--- Supplied records Enclosed Below ---

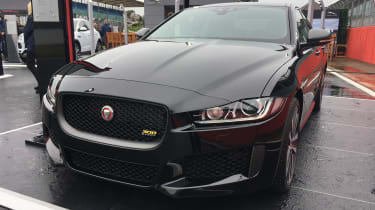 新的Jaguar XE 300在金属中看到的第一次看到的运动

--- End of Enclosed Supplied records ---
--- Supplied records Enclosed Below ---

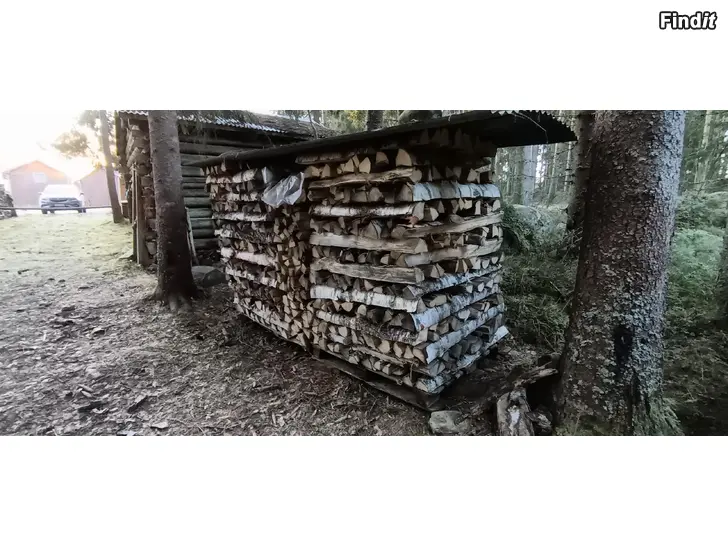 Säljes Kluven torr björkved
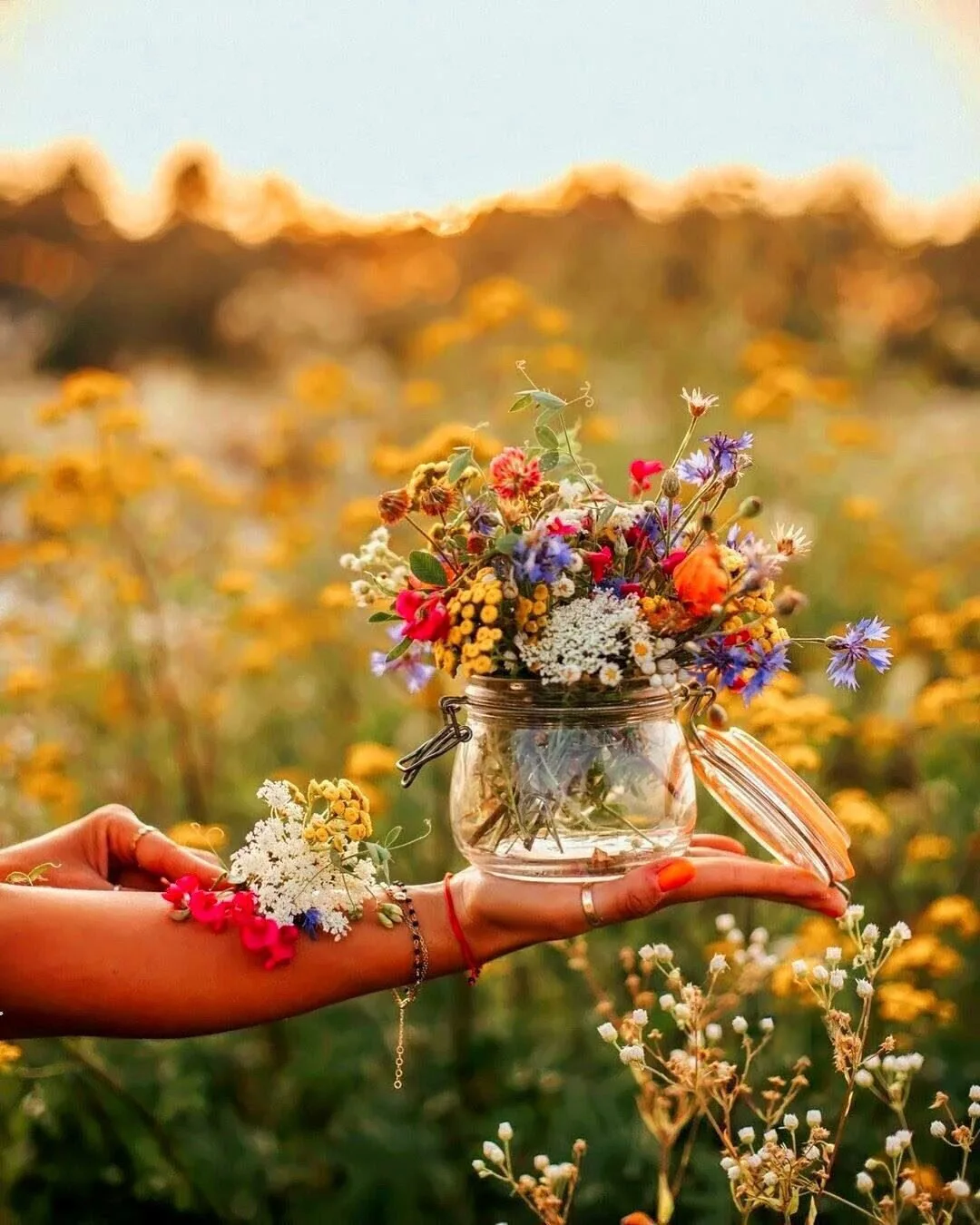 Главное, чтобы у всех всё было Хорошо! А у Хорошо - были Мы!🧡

--- End of Enclosed Supplied records ---
--- Supplied records Enclosed Below ---

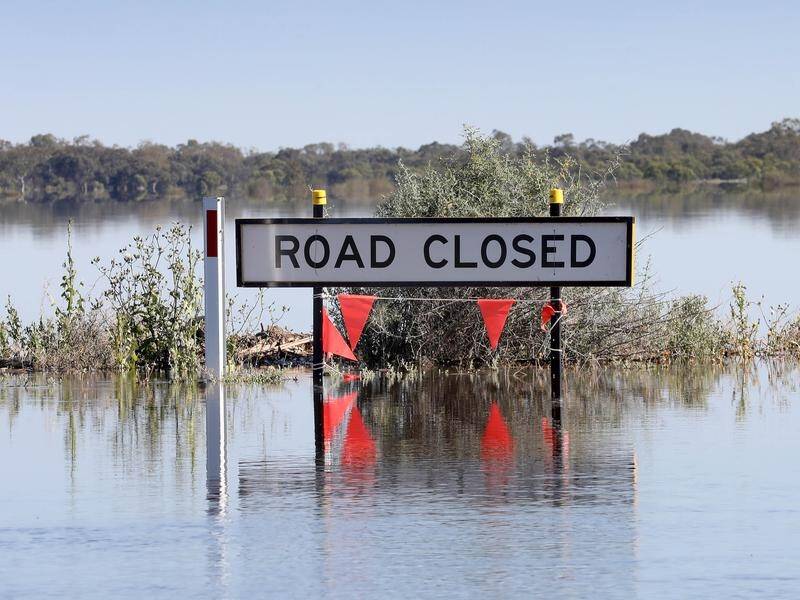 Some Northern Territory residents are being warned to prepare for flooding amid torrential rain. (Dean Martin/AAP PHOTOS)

--- End of Enclosed Supplied records ---

Up in the listing, locate the line with "Säljes Kluven torr björkved"; print it and every line after it down to the line with "Главное, чтобы у", which is included too. Skip the pictures.

 Säljes Kluven torr björkved
 Главное, чтобы у всех всё было Хорошо! А у Хорошо - были Мы!🧡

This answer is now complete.